I'm not saying that Sandusky - or any perp - shouldn't be prosecuted to the full extent of the law or that Penn State - or any institution, including the Church - should not be held accountable.

I'm not saying that the "justice system" didn't work in this case. I'm just saying that, sometimes, justice isn't enough.
Sometimes, nothing is enough - especially if our expectation is that someone will be "completely healed' after this kind of abuse.

I'm just saying that the next time you or I even get a whiff of child or young adult sexual abuse ........well.......remember this poem. Remember this scar. Remember this truth.  

Maybe, just maybe, if more adult "survivors" told their truth - felt that it was okay to tell their truth, even though it will make us squirm - there would be fewer victimized children.

That's my hope, anyway. It's all I've really got, so please don't try to take it from me, okay?

Truth be told, hope that this will never happen again is the only truth any of us have. It's a fragile truth and an even more fragile hope, but what else have we got, really, except that that fragile truth combined with that fragile hope will lead us to strong, preventative action.

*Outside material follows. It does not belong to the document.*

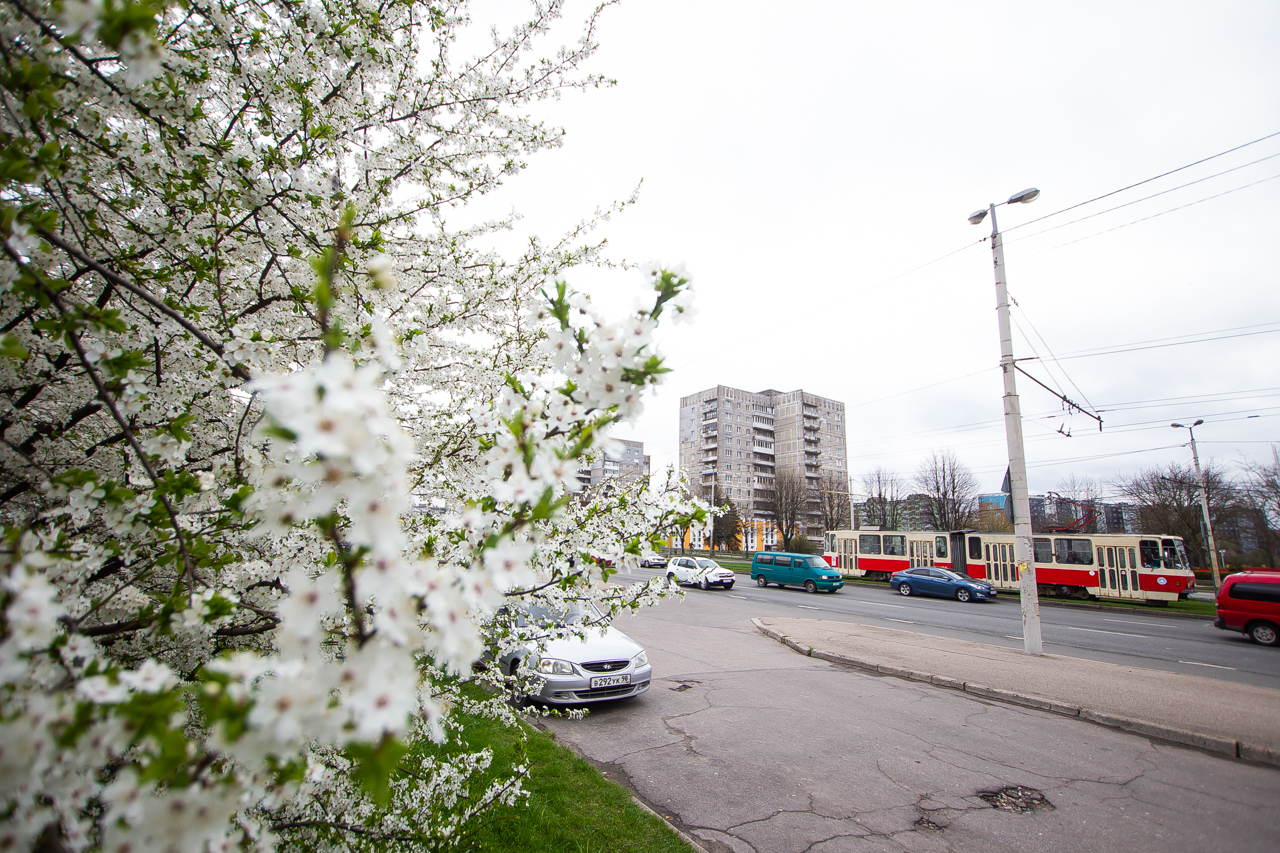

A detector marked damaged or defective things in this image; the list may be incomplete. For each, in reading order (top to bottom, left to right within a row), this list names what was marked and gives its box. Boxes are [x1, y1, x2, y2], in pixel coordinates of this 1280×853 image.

Because Mark Emmert is right:  The truth is that nothing can change the damage done to those who have been sexually abused.


Muthah+ said...

Been telling the story for years. But all to often this is a story that either makes you or breaks you. It does change you for forever.

Elizabeth Kaeton said...

Amen, Muthah+!

heather said...

I agree that this does nothing for the victims. I've been irritated since I heard the news about the fact that this seems to punish students at the school now and future students just so the NCAA can claim that they did something. This is not justice.

Kay & Sarah said...

It is a shame that Penn State's football program has overshadowed it Academic programs. Most of us go to 'school' to learn; well the country has learned a great lesson this week. Let hope we can refocus on classroom learning and achieving great promises from books.

Elizabeth Kaeton said...

Heather and Kay&Sarah - the shame is on the administration of Penn State which valued money and status and sports over the lives of their students. Good students will - and should - go elsewhere.